ICCに「盛るとのるソー」(小林椋)を観に行ったのだけど、「盛るとのるソー」もとても面白かったけど、メディア芸術祭関連で展示されていた、五島一浩による「BUMPY」という作品がヤバかった。
3Dメガネをつけて観る立体視の作品なのだけど、視差をもった二つのカメラで撮られた映像ではなく、単眼のカメラで撮られた映像を、左右の眼に微妙に時間をずらして見せることで視差をつくりだして、偽の立体感をつくりだすという作品。右眼と左目とで、五フレームずらすとか、三フレームずらすという微妙な操作がなされていて、今、見ている映像が左右の眼に対してどの程度ずらされているかが、画面の下に字幕で示される。
まさに、時間を空間化する作品だけど、今までに感じたことのないような異様な立体感で、長時間観ていたら精神に変調をきたすのではないかというくらいヤバかった。映画や映像作品で、「世界が歪む」という様を表現する様々なやり方があるけど(最近観たもので最もすごかったのは『ドクター・ストレンジ』だった)、こういう形で歪んだ世界ははじめて観たし、なんというか、ダイレクトに精神にくるという感じがヤバい。

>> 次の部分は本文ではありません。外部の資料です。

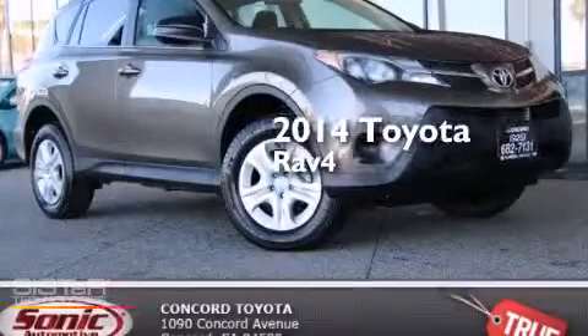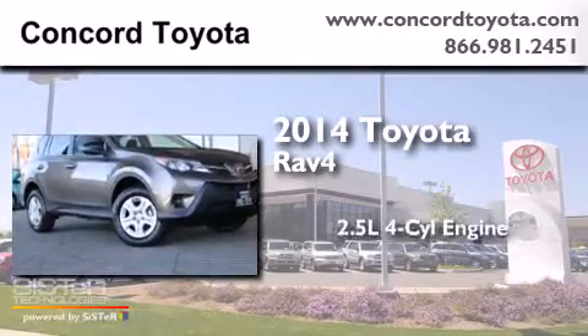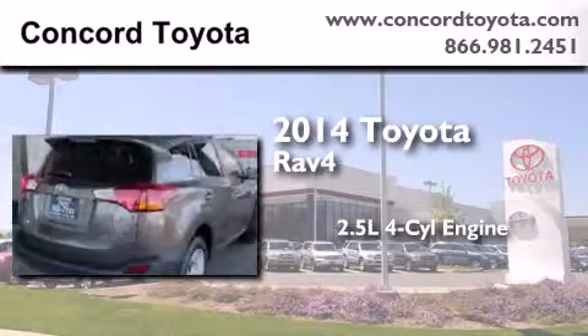This is a brand new 2014 Toyota RAV4. It features a 2.5-liter four-cylinder engine and an automatic transmission.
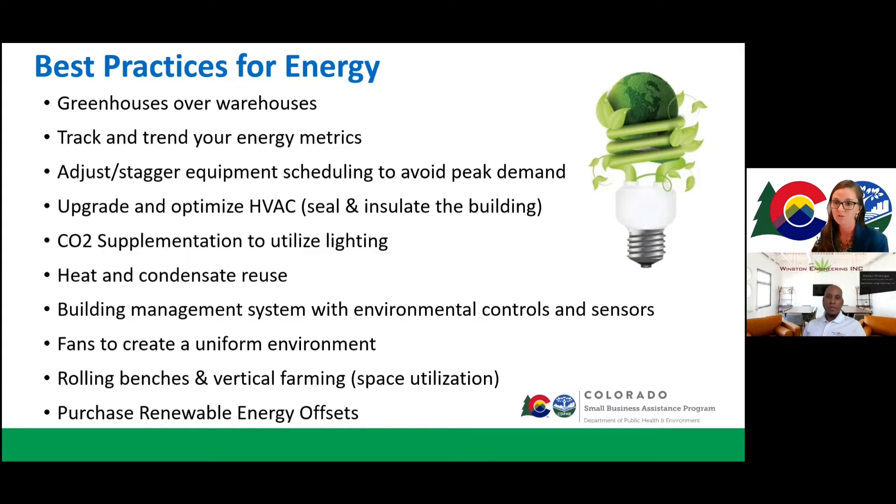Building management systems with environmental controls and sensors are really going to optimize your cultivation. A one-degree temperature difference can have almost a 3% impact on overall energy usage, so you really want to dial in your environmental controls and keep them within spec. Sensors and automatic systems will really help you do that, so you're not manually adjusting the thermostat and humidity controls.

魅了されて、しばらくじっと見入っていたのだけど、ふと、自分の体がゆらゆら揺れて、平衡感覚がおかしくなっているのに気付いて、怖くなってメガネを外した。帰り道でもまだ平衡感覚がおかしくて、ICCを出たところの吹き抜けから落下するのではないかという恐怖をもちながら帰った。下手をすると、3Dメガネをはずしても違う世界のまま、みたいなヤバい感じがあった。また観たいけど、でも怖い、みたいな。